How to Wear and Take Care of Your Latex Clothes
The first thing you need to understand is that latex is a very sensitive material. As a result, it requires a high level of specialized care that does not accompany the common fabrics. There are a lot of things out there that could cause discoloration, weakening and even tearing to your latex clothes. This is a guide to the best practices when it comes to latex and the areas that you should avoid if you are looking to enjoy your latex clothes for a long period of time.
How to put on latex
The one virtue that you need when dealing with latex garments is patience. Both your body and the latex garment need to be prepared before it can be put on. The first thing you need to do is powder or lubricate the insides of the latex garment to be worn. A silicon-based lubricant or talc powder should be sufficient. A dressing aid is also a necessary requirement to allow the latex slide over the skin easily. When it comes to getting the cloth onto the body, you will have to abandon brute force in favor of tact. Slowly slide your hands between the skin and the latex garment. Pull the hand away as you shift the latex into place. Repeat the movement over and over again till everything is in place. If the difficulty seems to persist, then you need the increase the amount of dressing aid that you are using the current amount may not be sufficient. If you have long fingernails, then a good practice is to have on some cotton gloves so that you do not puncture your latex garment.
Things you should avoid:
- Sharp objects
Any type of oils from creams to lubricants to solvents and even body oil degrade the latex upon contact. Stay away from them, and handle latex with clean dry hands. Latex also reacts to certain types of metals, from copper to bronze to brass. The result of this is usually staining. Never store items made with these metals in your latex, or handle them before coming in contact with your latex. What you will end up with is a latex garnet with brown stains that are simply and an eyesore.
Latex is a highly flammable material and should be kept away from open flames. Humidity, heat, and sunlight also have an adverse effect on latex with prolonged exposure. This causes discoloration. Never tumble dry your latex or hung it near radiators. Since the latex is a smooth material, it is easily punctured by sharp objects of any kind, this includes long finger and toenails.
Removing and Cleaning your latex
Sweating is something that occurs a lot to those that put on latex. This is not such a bad thing since the sliding of the cloth against the layer of sweat brings about a good feeling. It, however, exposes one to the possibility of dehydration. It is thus best to avoid consumption of alcohol when you have latex garments on. The other thing is that the sweating exposes the latex clothing to a high amount of body oils. It is thus best to clean your latex immediately after it has been taken off. When taking off the latex, do not tag at it but simply slide it off the body slowly. Tagging may cause the rubber-band effect, which only makes it stick tighter to the body. You can also run some water on your skin so that the layer between the skin and latex makes it easier for the clothes to be removed.

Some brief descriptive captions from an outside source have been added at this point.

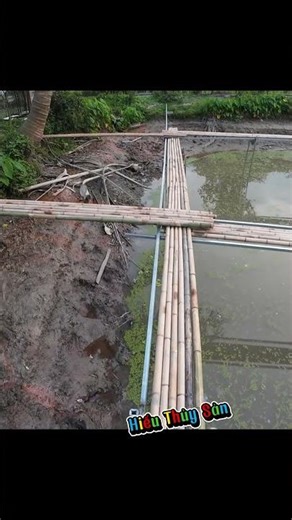 trước khi nuôi ốc nhồi cần chuẩn bị những gì ? #hieuthuysan #ocbuouden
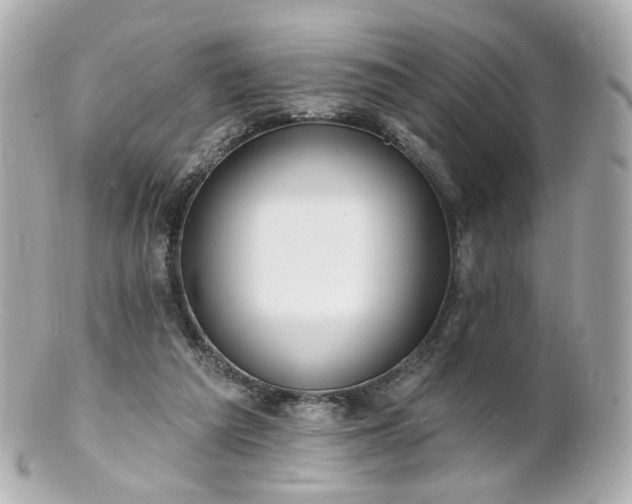 X0000100910209200807011251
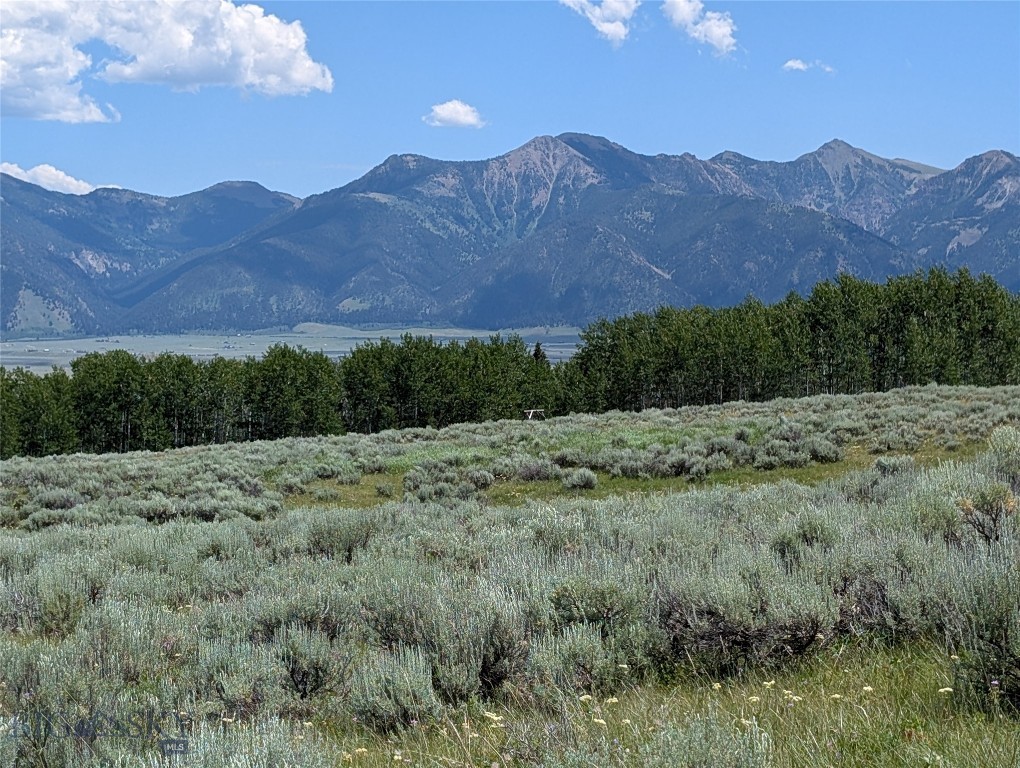 Madison River Ranches - Land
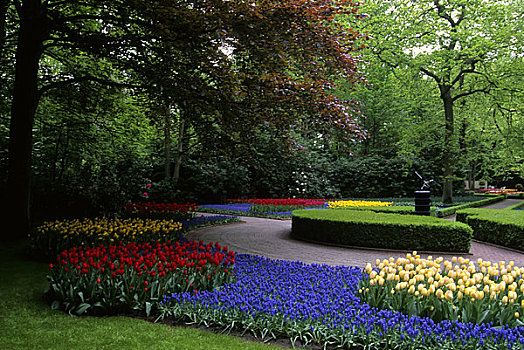 荷兰,靠近,阿姆斯特丹,库肯霍夫花园,郁金香,蓝色,麝香兰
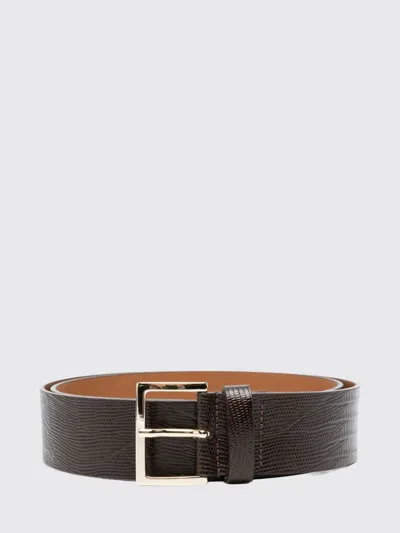 Alysi Belt Woman In Brown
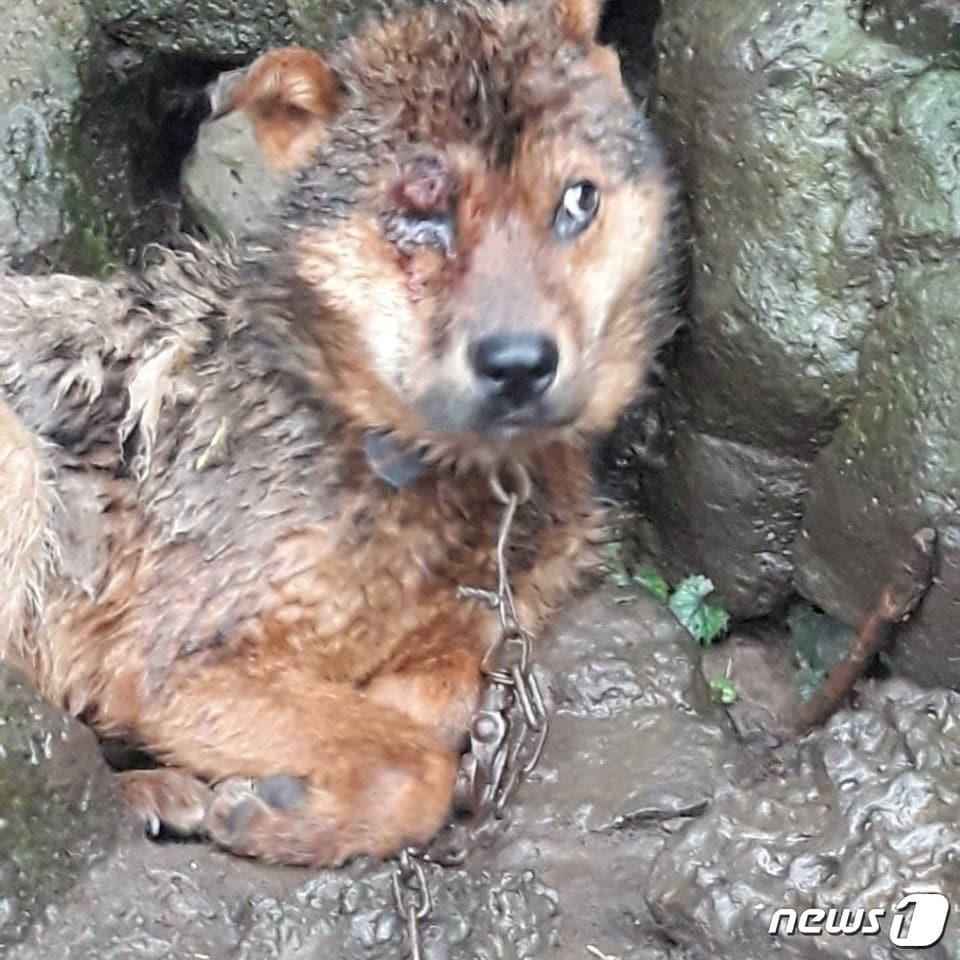 본문 이미지 - 눈이 다친 채 방치돼 있는 강아지.(사진 SNS 캡처)ⓒ News1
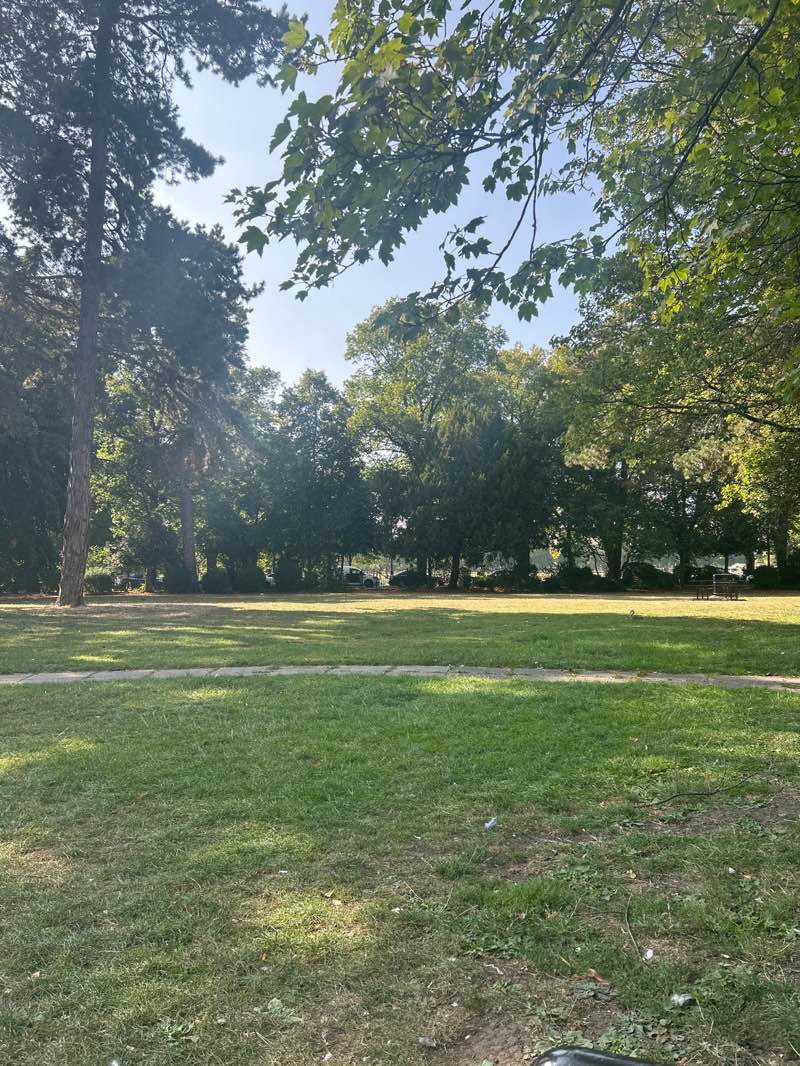 walking near me in St Mary’s Triangle in autumn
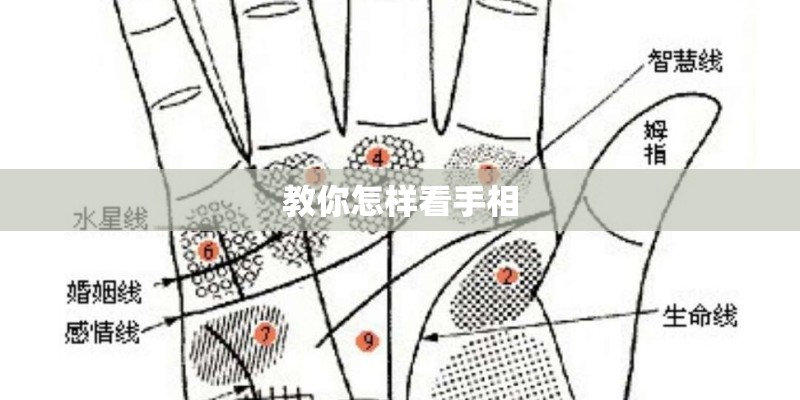 教你怎样看手相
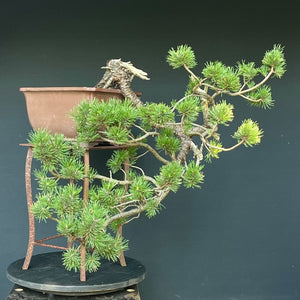 Yamadori Bergkiefer / Pinus mugo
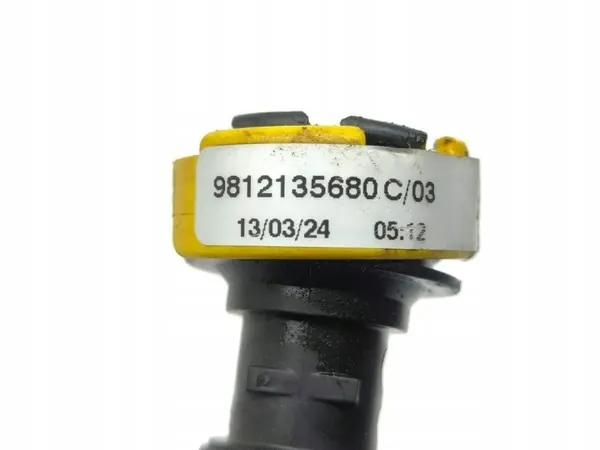 Ilmausletorukka OEM 9812135680 Citroën C4 II 1.2L image 7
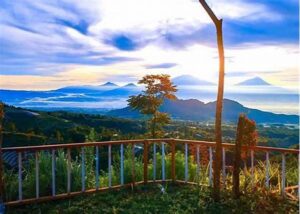Trianggulasi Glamping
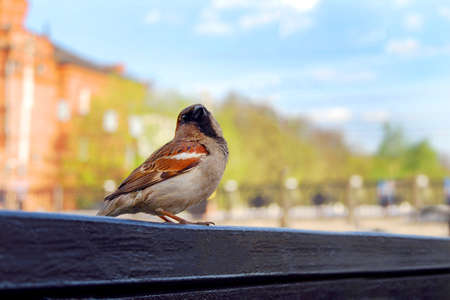 Sparrow on the Bench in a town summer sunny day. Photo of city bird with copyspace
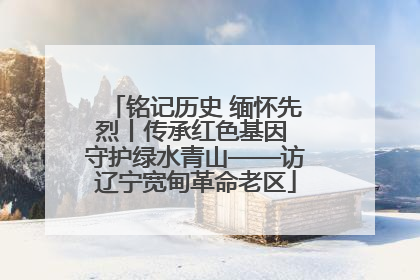 铭记历史 缅怀先烈丨传承红色基因 守护绿水青山——访辽宁宽甸革命老区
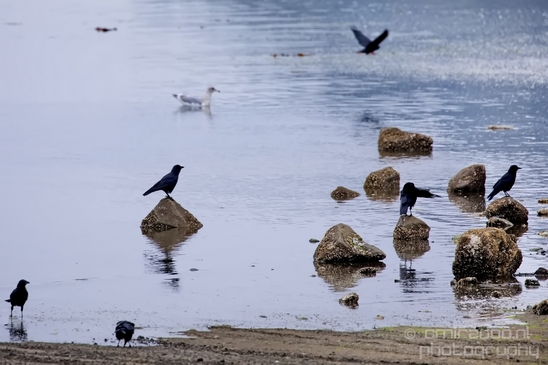 Birds_Ducks_Des_Moines_Beach_Park_Seattle_Southside_Washington_state_nature_Usa_Photography_019_Canon_EOS_5D_Mark_IV.JPG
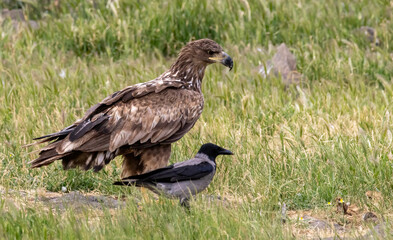 White-tailed Sea eagle sitting on feeding station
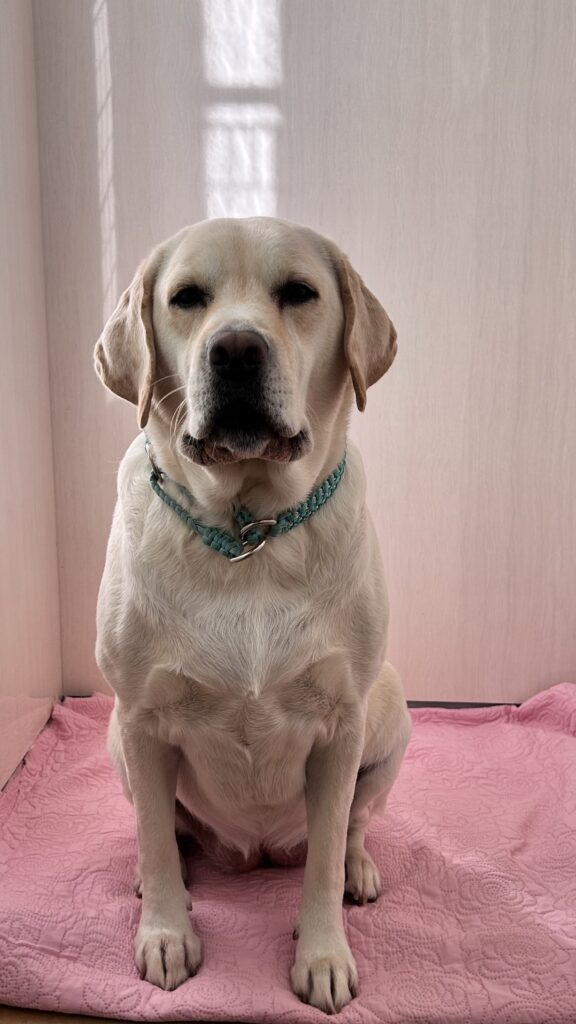 ★お泊まりブログ★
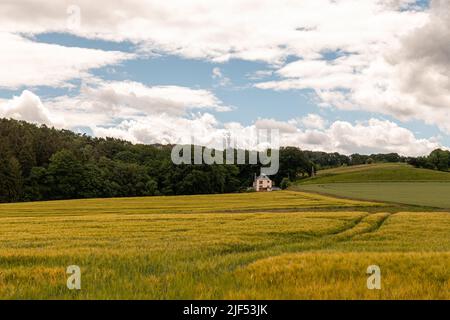 Magnifique paysage d'été de la région de la Ruhr en Allemagne. Petite maison sur toile de fond d'un champ de blé et d'une forêt en face de la colline Banque D'Images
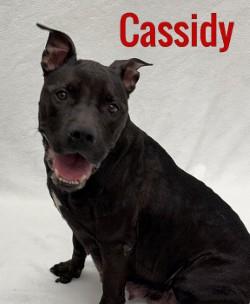Enlarge Cassidy, a ADOPTABLE Mixed Breed in Pleasantville, NJ image 1/1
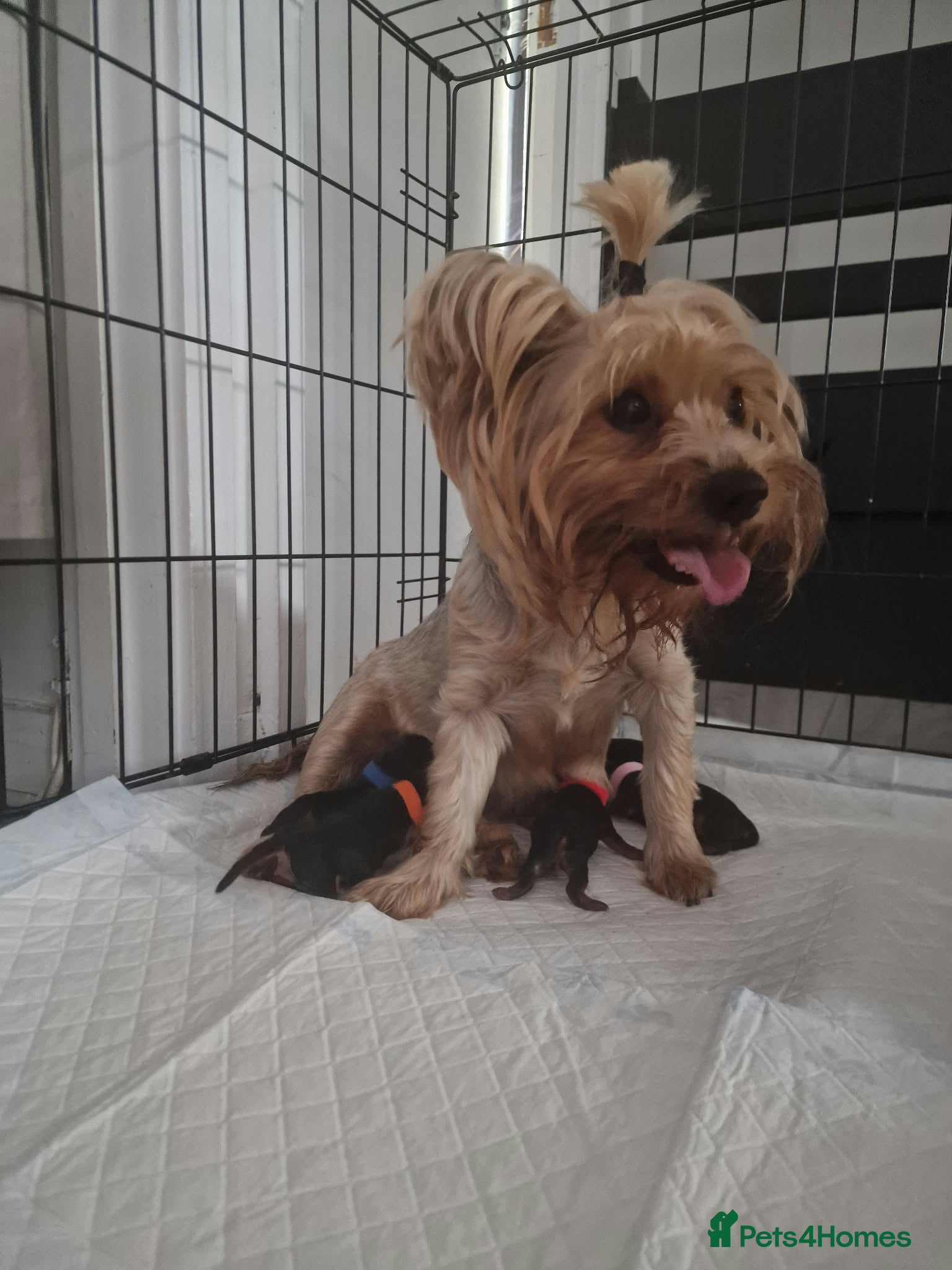 Yorkshire Terrier dogs 🐶❤️ Beautiful Yorkshire Terrier Puppies  - Advert 2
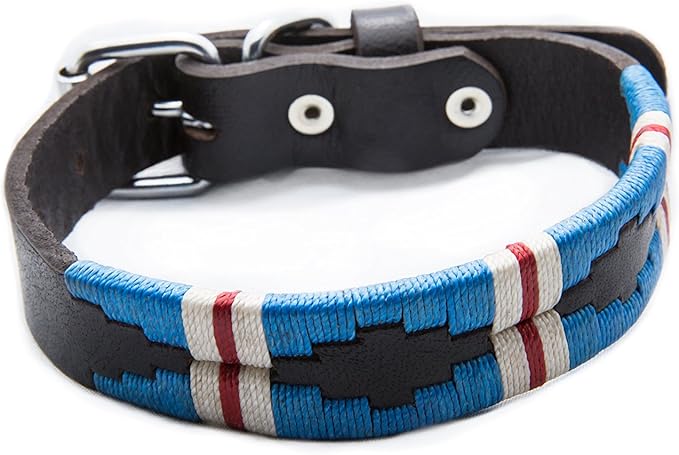 Gaucho Goods Soft Leather Dog Collar - The Pacific (M)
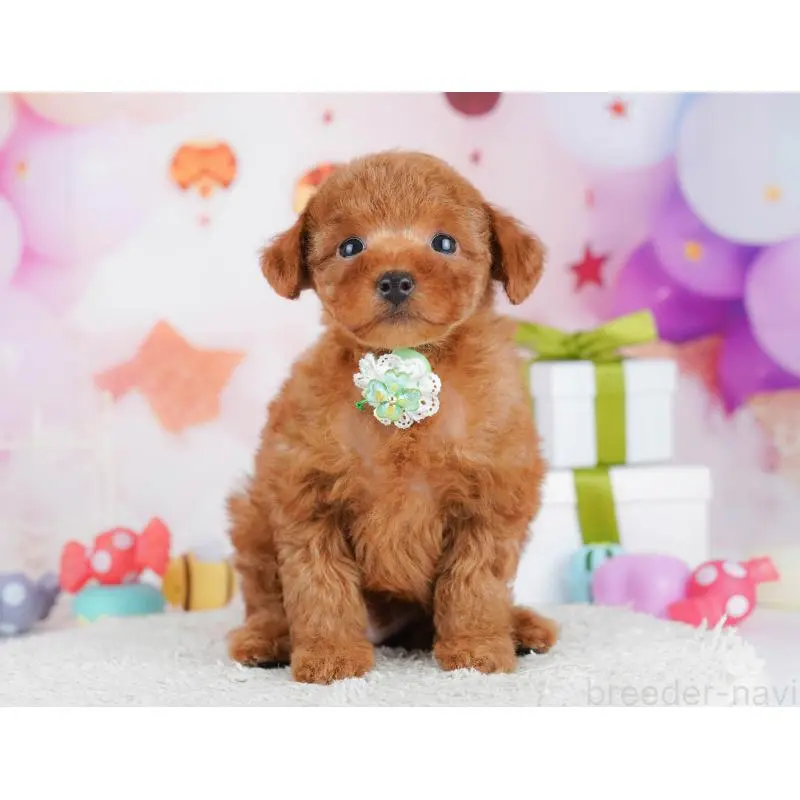 販売中の東京都のトイプードル-451693の9枚目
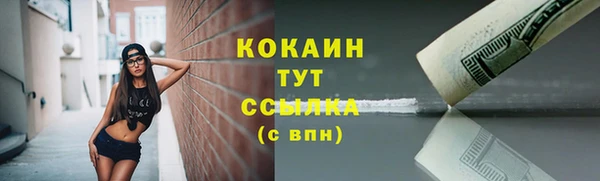 гашик Надым
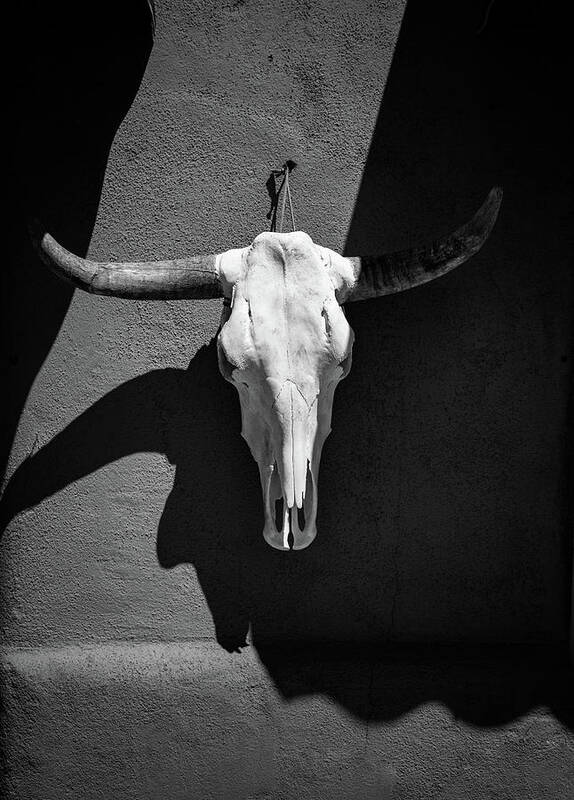 2019 Poster featuring the photograph Cow Skull - black and white by Tim Stanley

To wash latex, do not expose it to any cleaning detergents. Simply rinse it in warm water. There are however some garments that allow for the use of mild soap, make sure you confirm with the label first. Hang it on a plastic or wooden hanger to dry or simply spread it out to dry. Remember, keep away from contact with metal at all costs. You can also use a soft towel to reduce the time needed for the garment to dry. Separate the latex garments that stick together, and use some talc powder to pervert this from happening again. Store them in a black plastic bag. Ensure they are stored in a cool dry place.